SOURCE INFORMATION
* * *
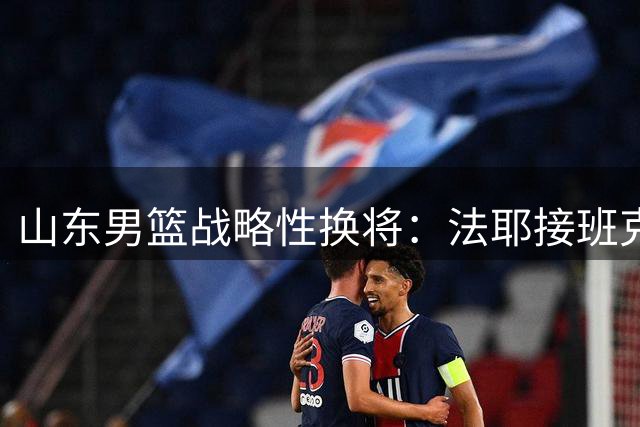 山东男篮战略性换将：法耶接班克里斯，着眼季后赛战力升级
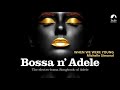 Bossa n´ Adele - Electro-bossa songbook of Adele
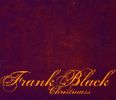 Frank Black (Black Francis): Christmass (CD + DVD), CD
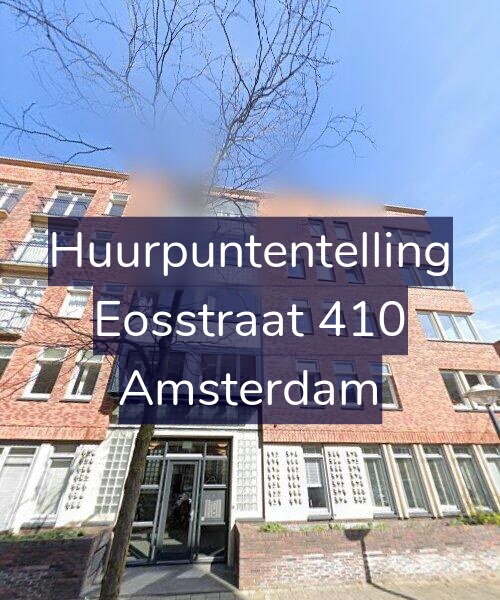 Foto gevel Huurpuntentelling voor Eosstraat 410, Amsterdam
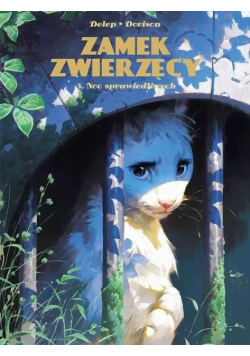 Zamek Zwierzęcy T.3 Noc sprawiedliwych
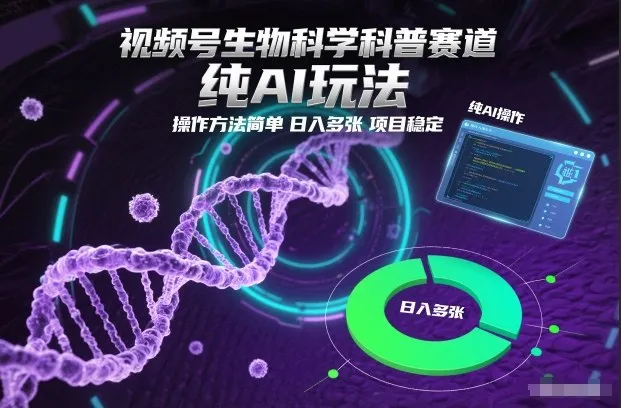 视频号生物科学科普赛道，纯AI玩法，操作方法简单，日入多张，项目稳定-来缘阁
* * *
WHAT IS REQUIRED
Keep the pictures out and transcribe the entries exactly.

WRITTEN RESPONSE
 山东男篮战略性换将：法耶接班克里斯，着眼季后赛战力升级
 Bossa n´ Adele - Electro-bossa songbook of Adele
 Frank Black (Black Francis): Christmass (CD + DVD), CD
 Foto gevel Huurpuntentelling voor Eosstraat 410, Amsterdam
 Zamek Zwierzęcy T.3 Noc sprawiedliwych
 视频号生物科学科普赛道，纯AI玩法，操作方法简单，日入多张，项目稳定-来缘阁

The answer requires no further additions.